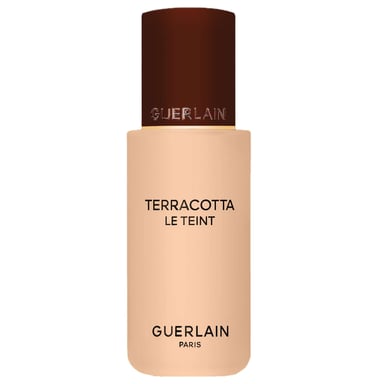 Guerlain Terracotta Le Teint Foundation (4 5N Neutral), Hydrating Radiant Finish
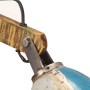 Lámpara de pared estilo industrial redonda multicolor E27 de , Lámparas - Ref: Foro24-344407, Precio: 38,84 €, Descuento: %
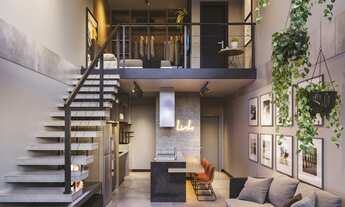 Imagem 5: Loft com 1 quarto, 64,39m², à venda em Florianópolis, Campeche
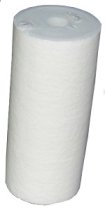 277, SED1005BB Big Blue 5 micron sediment filter 10″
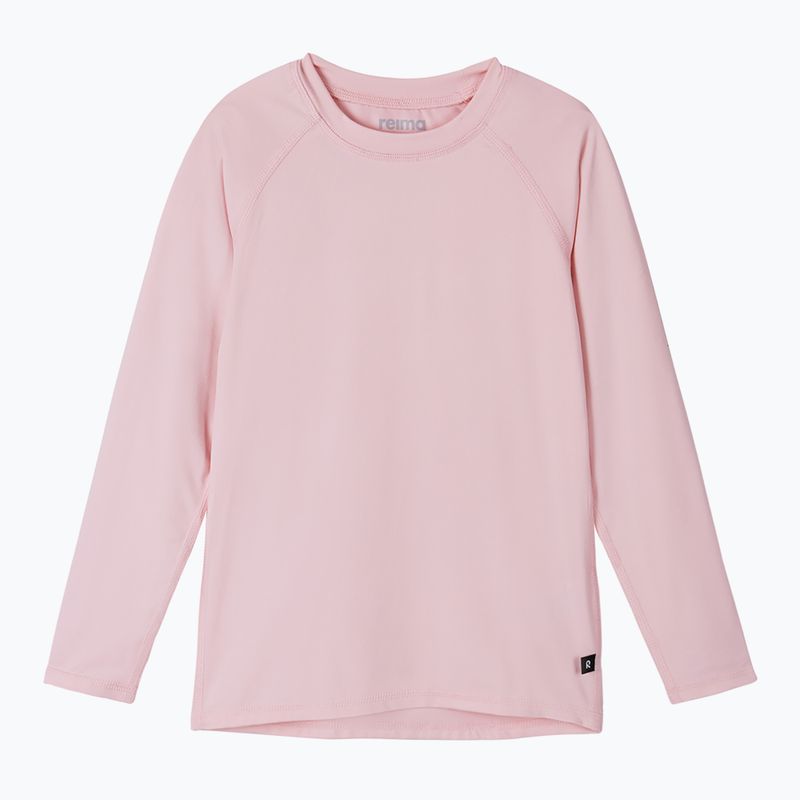 Sada termoprádla Reima Sportti pale rose 3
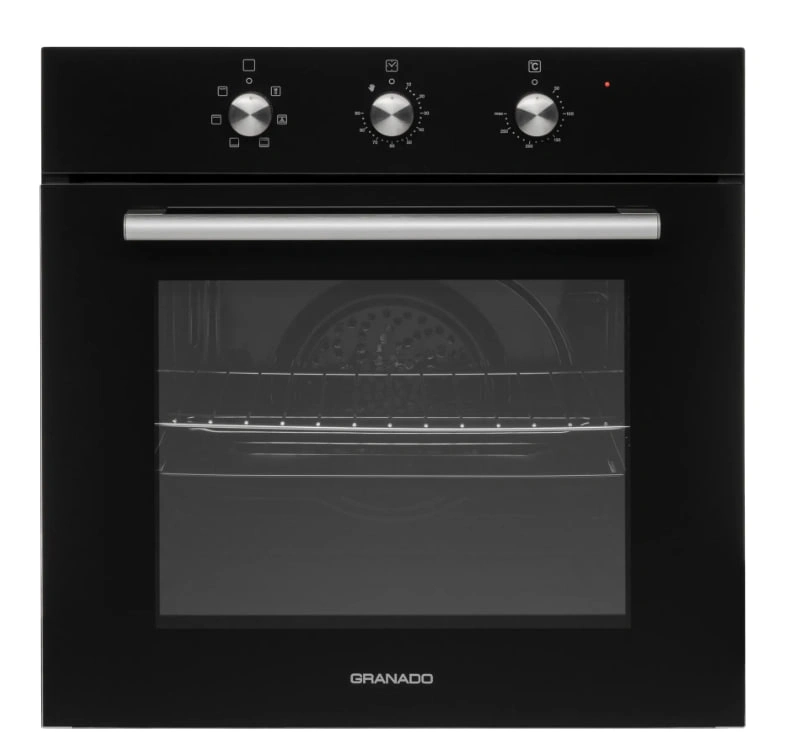 Электрический духовой шкаф GRANADO GEO 62-0200 Black glass original1 Электрический духовой шкаф GRANADO GEO 62-0200 Black glass original1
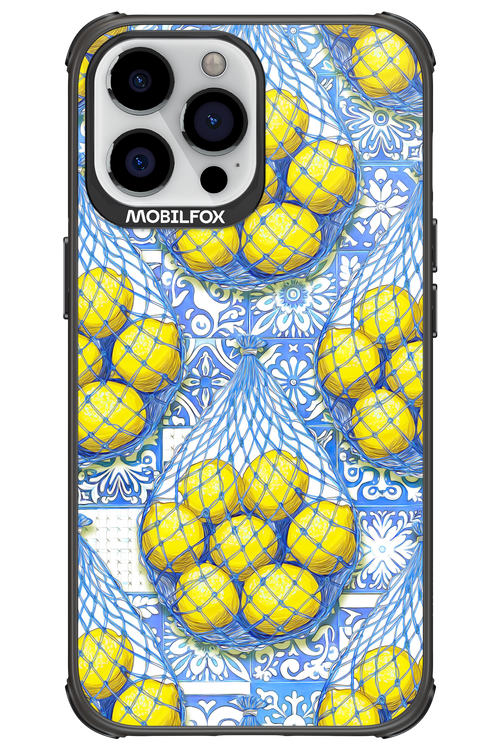 Net Style - Apple iPhone 13 Pro Max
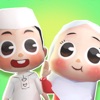 Petualangan Ramadhan - iPhoneアプリ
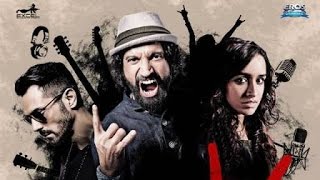 Rock On 2 First Day Box Office Collection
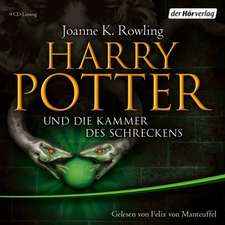 Harry Potter und die Kammer des Schreckens. Ausgabe für Erwachsene, Buch 2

§ **The problem**:
Your answer must be an exact copy of the lines from the start of the entries through the line with "Rock On 2 First Day Box Office Collection", with no pictures.

§ **Output for this exercise**:
 Guerlain Terracotta Le Teint Foundation (4 5N Neutral), Hydrating Radiant Finish
 Lámpara de pared estilo industrial redonda multicolor E27 de , Lámparas - Ref: Foro24-344407, Precio: 38,84 €, Descuento: %
 Imagem 5: Loft com 1 quarto, 64,39m², à venda em Florianópolis, Campeche
 277, SED1005BB Big Blue 5 micron sediment filter 10″
 Sada termoprádla Reima Sportti pale rose 3
 Электрический духовой шкаф GRANADO GEO 62-0200 Black glass original1 Электрический духовой шкаф GRANADO GEO 62-0200 Black glass original1
 Net Style - Apple iPhone 13 Pro Max
 Petualangan Ramadhan - iPhoneアプリ
 Rock On 2 First Day Box Office Collection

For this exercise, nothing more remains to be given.